What the exercise asks — Could you copy exactly the lines from the start of the records through the one containing "Another feature Logger", both included, and leave out the pictures?

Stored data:
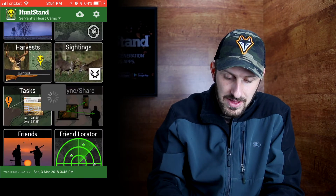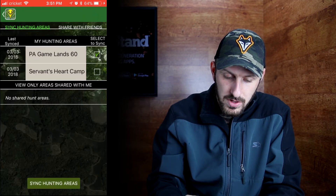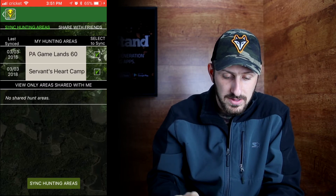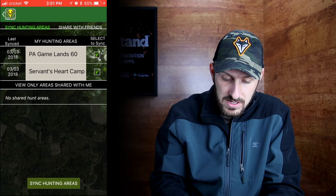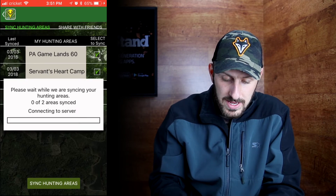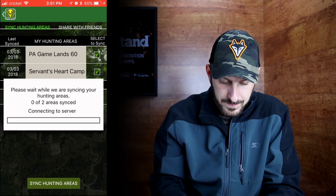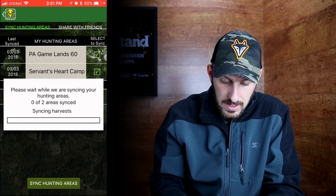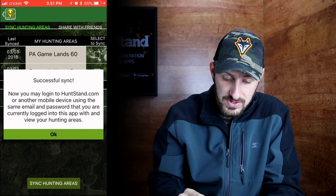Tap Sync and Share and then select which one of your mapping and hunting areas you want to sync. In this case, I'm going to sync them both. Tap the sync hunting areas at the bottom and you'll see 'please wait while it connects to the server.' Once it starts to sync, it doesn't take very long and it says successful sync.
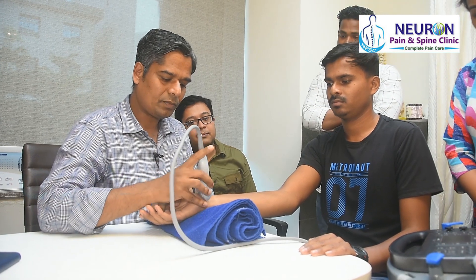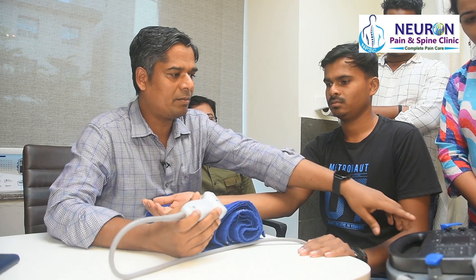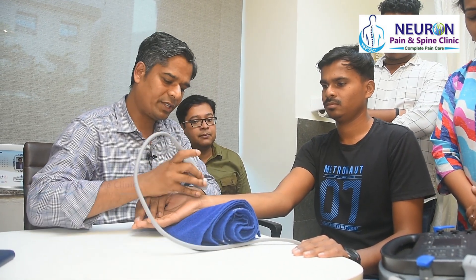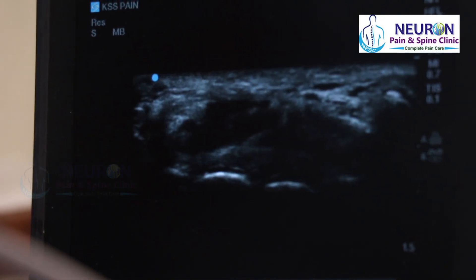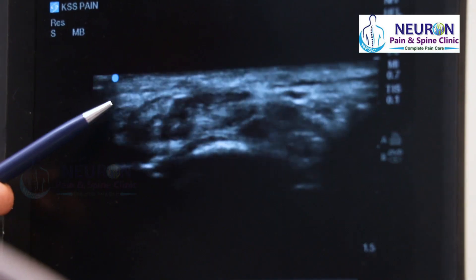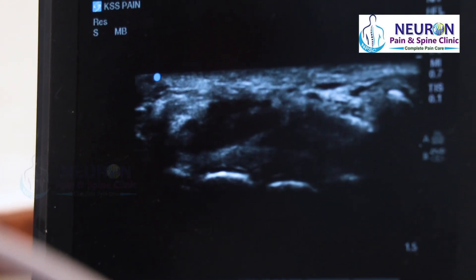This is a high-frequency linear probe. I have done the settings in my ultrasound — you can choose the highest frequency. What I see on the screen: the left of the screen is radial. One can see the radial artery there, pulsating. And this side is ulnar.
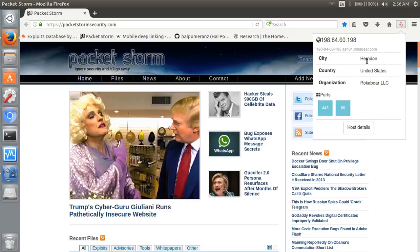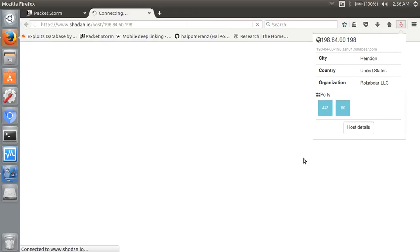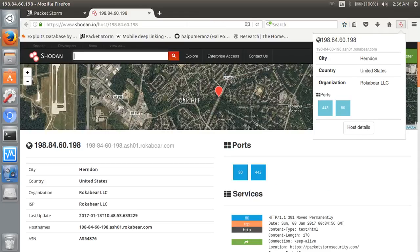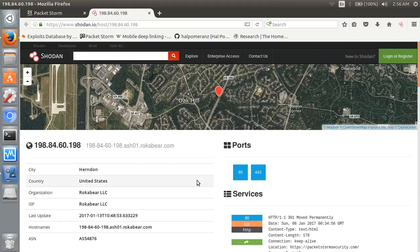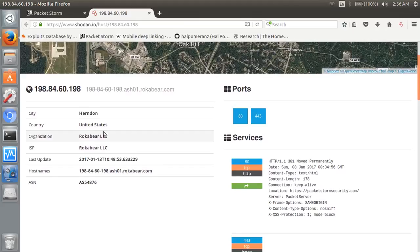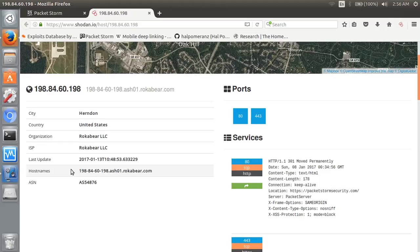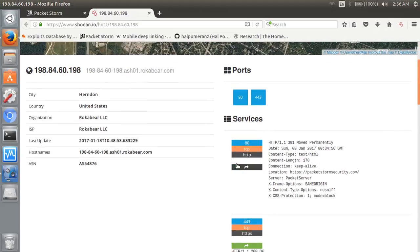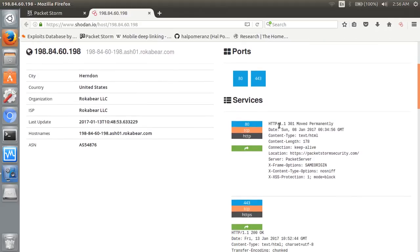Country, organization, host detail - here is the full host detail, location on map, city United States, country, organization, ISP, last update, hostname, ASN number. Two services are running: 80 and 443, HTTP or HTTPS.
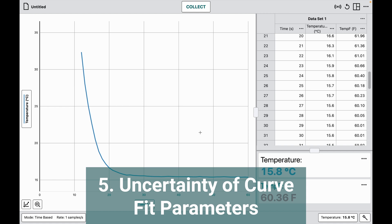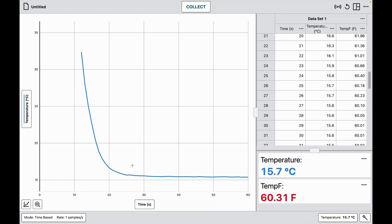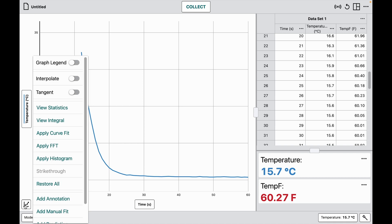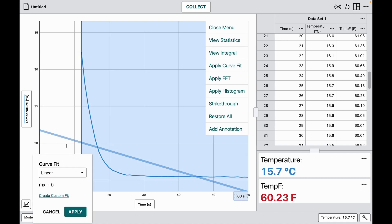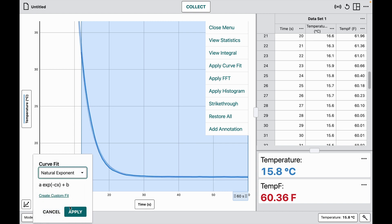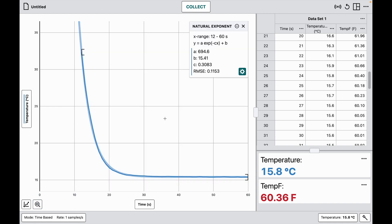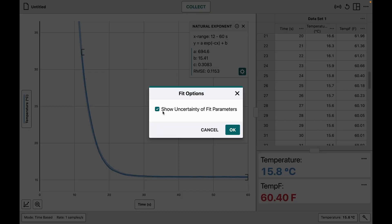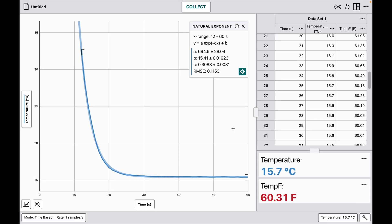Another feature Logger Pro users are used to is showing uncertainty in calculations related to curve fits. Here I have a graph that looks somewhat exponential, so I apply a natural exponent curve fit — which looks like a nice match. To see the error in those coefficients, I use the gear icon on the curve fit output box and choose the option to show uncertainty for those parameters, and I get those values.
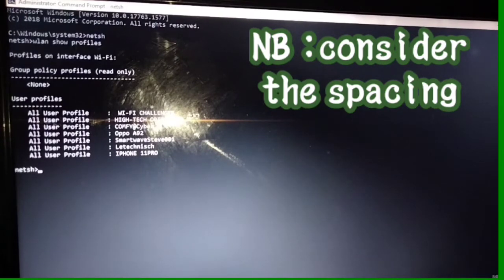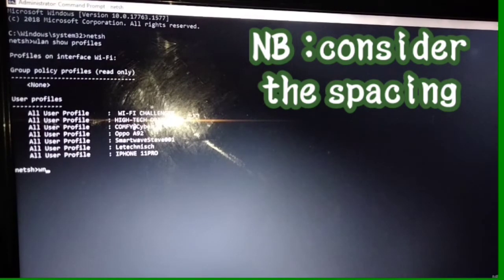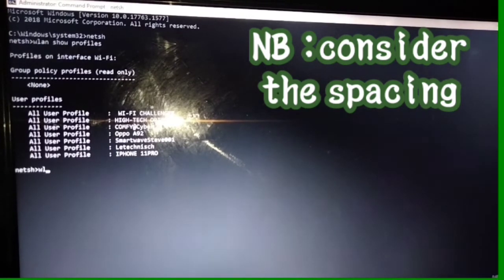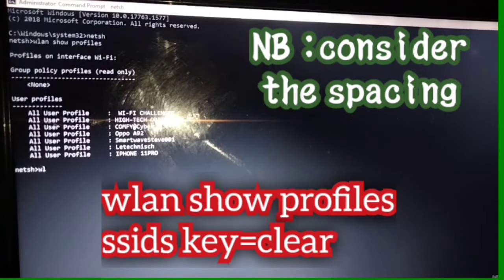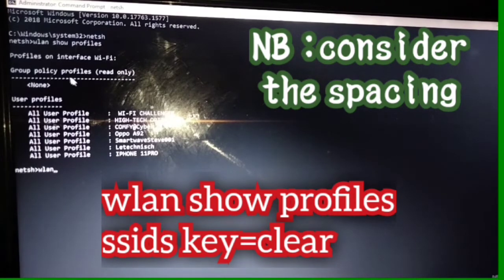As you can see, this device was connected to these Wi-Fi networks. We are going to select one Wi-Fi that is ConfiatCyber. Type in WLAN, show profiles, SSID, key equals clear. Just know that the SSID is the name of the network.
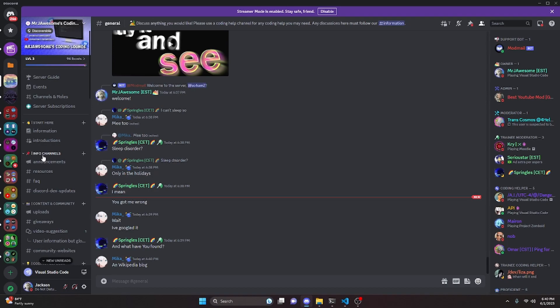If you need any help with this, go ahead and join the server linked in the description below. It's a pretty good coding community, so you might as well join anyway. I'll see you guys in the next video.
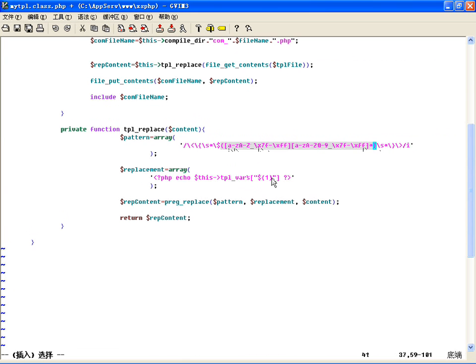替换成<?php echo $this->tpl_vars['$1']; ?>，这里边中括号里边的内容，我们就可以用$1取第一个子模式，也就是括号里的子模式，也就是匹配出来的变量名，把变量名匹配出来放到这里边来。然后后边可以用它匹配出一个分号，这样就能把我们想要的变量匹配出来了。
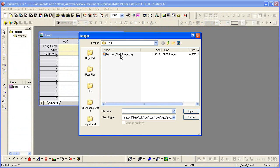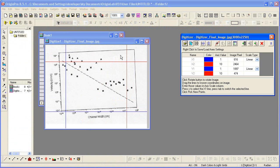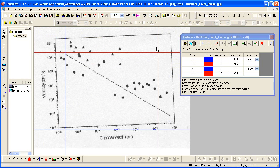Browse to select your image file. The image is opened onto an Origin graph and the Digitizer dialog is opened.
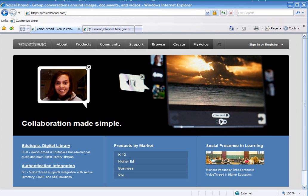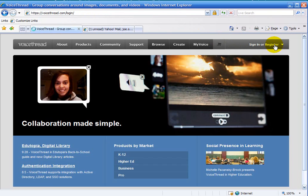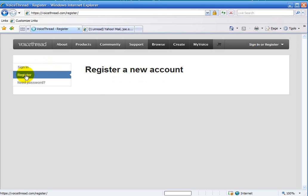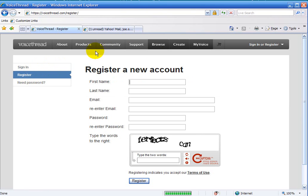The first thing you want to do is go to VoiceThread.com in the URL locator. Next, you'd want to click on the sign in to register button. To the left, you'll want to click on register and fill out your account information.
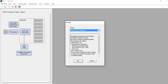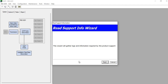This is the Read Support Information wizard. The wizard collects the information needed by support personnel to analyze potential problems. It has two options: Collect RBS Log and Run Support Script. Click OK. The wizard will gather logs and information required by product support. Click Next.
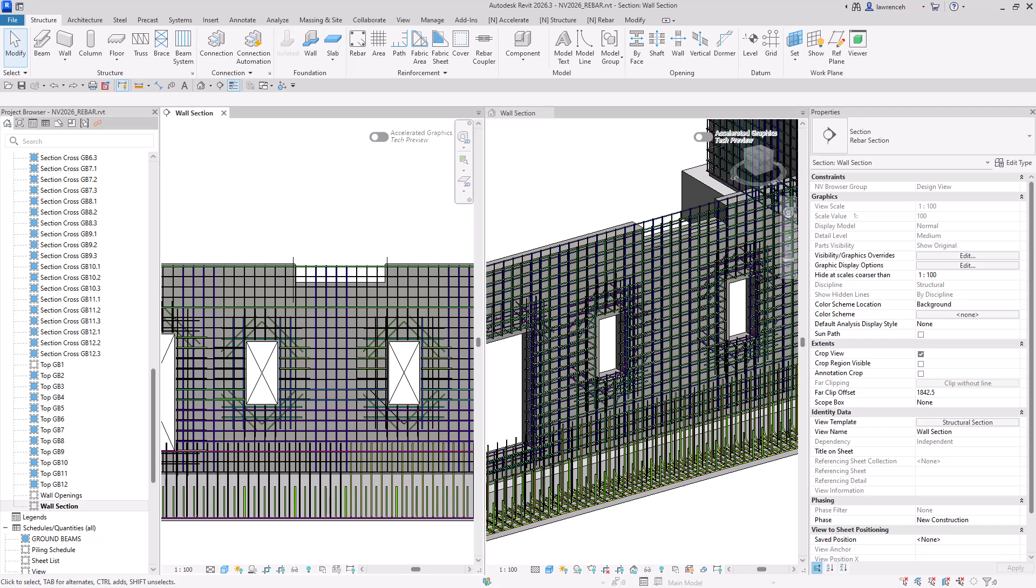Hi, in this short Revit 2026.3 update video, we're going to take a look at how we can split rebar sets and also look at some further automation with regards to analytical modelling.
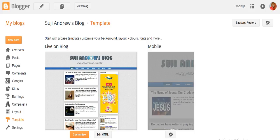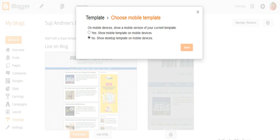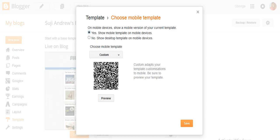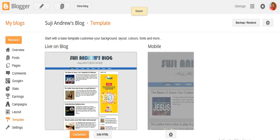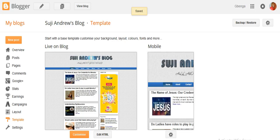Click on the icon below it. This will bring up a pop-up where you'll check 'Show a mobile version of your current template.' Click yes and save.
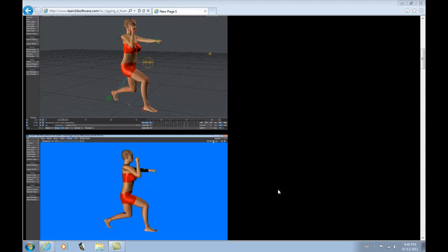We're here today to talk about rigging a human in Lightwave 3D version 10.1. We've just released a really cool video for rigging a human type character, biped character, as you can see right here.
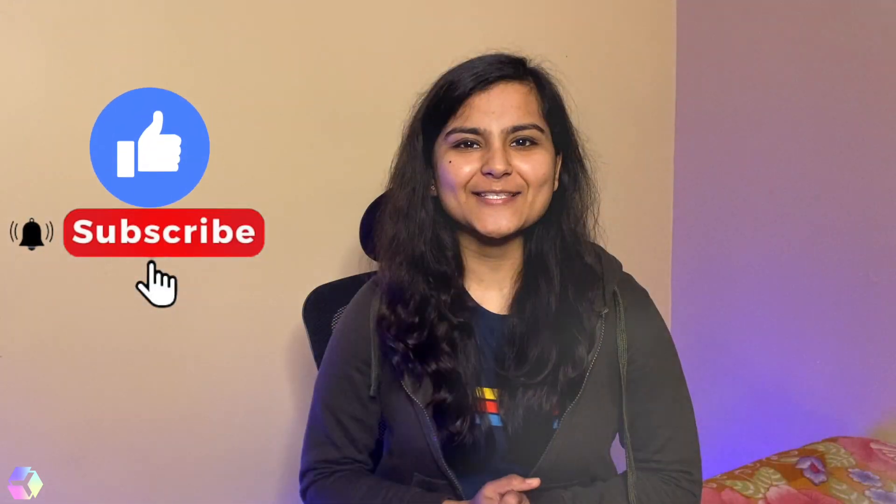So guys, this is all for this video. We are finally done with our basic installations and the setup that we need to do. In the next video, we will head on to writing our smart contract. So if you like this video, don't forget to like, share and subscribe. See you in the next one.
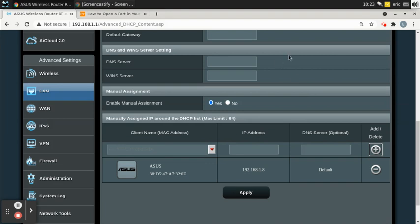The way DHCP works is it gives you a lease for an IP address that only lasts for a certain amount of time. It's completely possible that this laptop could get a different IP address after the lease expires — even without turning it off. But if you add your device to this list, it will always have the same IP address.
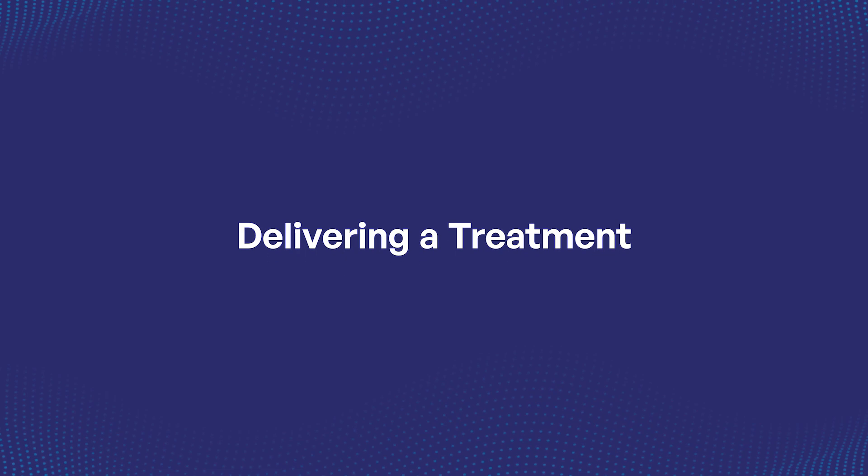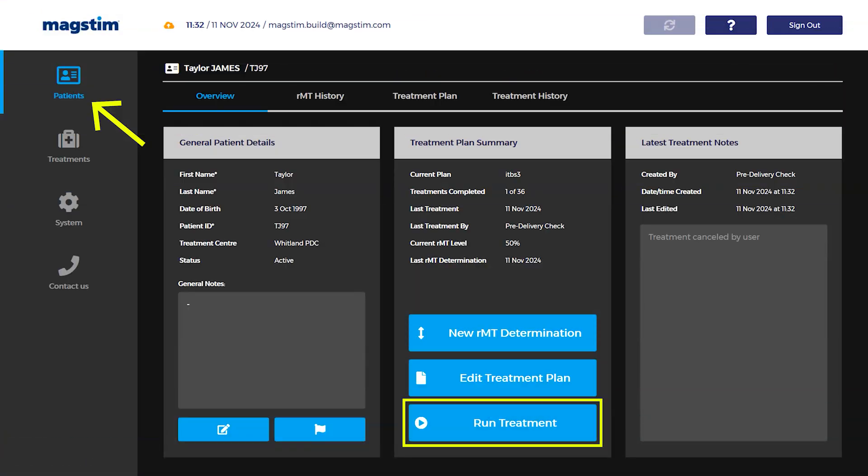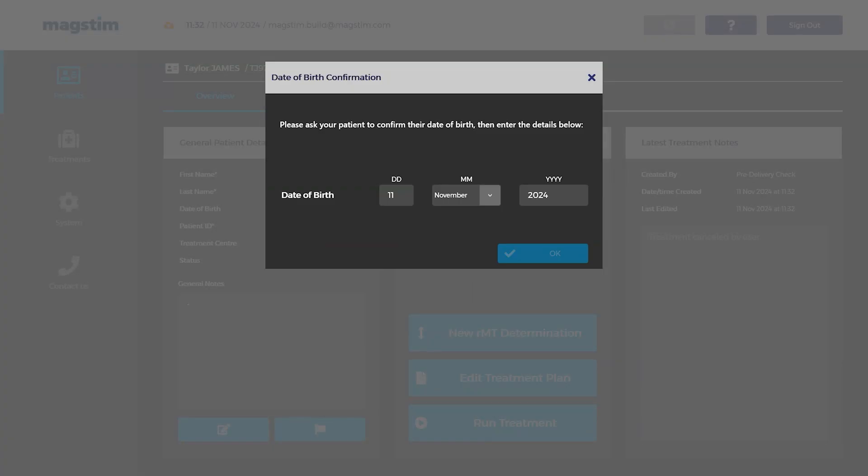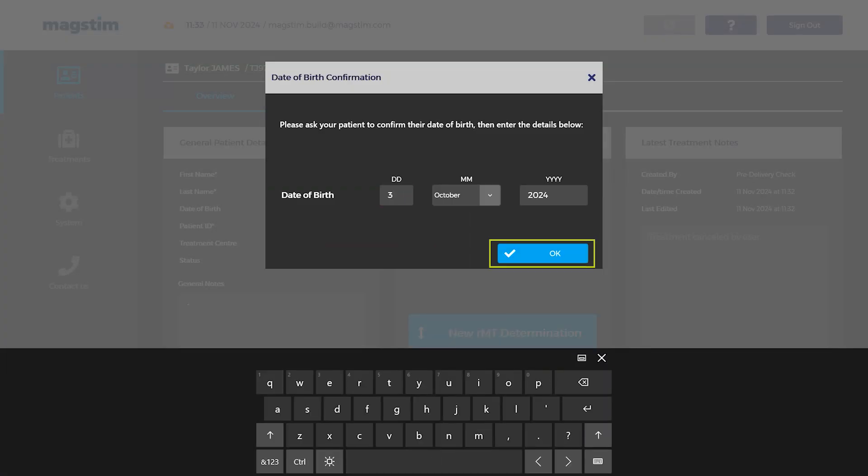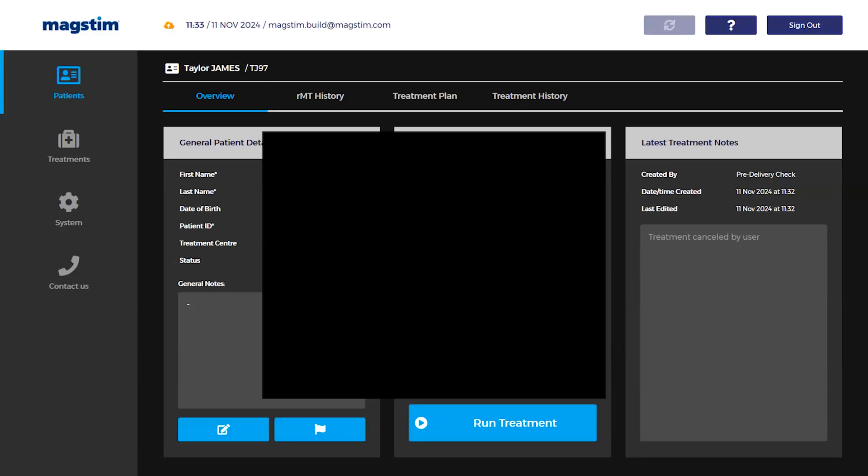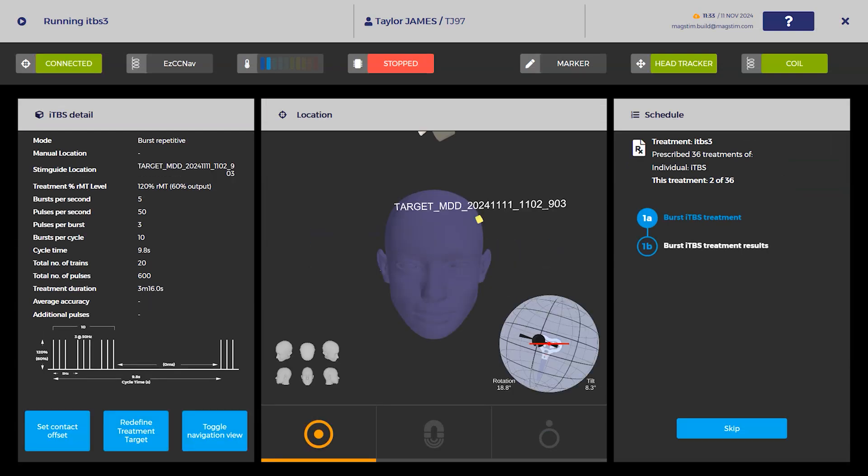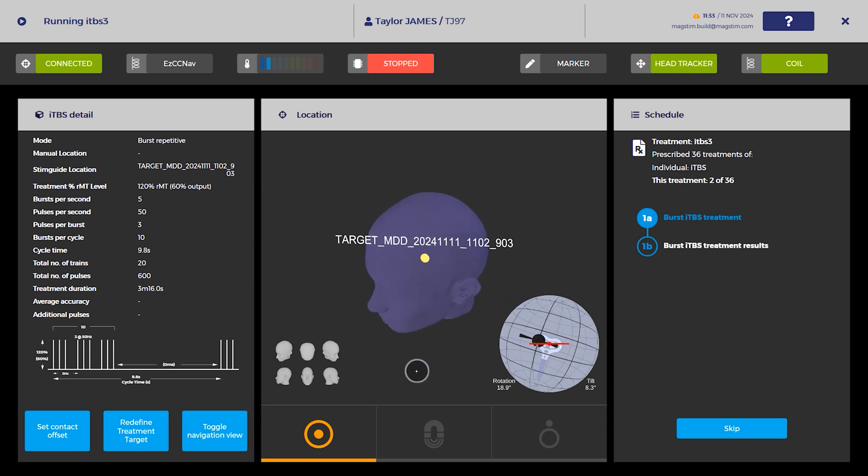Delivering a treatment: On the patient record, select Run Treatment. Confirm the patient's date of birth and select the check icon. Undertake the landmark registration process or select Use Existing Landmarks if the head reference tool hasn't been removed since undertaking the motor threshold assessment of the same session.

Response box —
Tap Sync and Share and then select which one of your mapping and hunting areas you want to sync. In this case, I'm going to sync them both. Tap the sync hunting areas at the bottom and you'll see 'please wait while it connects to the server.' Once it starts to sync, it doesn't take very long and it says successful sync.
This is a high-frequency linear probe. I have done the settings in my ultrasound — you can choose the highest frequency. What I see on the screen: the left of the screen is radial. One can see the radial artery there, pulsating. And this side is ulnar.
Country, organization, host detail - here is the full host detail, location on map, city United States, country, organization, ISP, last update, hostname, ASN number. Two services are running: 80 and 443, HTTP or HTTPS.
Another feature Logger Pro users are used to is showing uncertainty in calculations related to curve fits. Here I have a graph that looks somewhat exponential, so I apply a natural exponent curve fit — which looks like a nice match. To see the error in those coefficients, I use the gear icon on the curve fit output box and choose the option to show uncertainty for those parameters, and I get those values.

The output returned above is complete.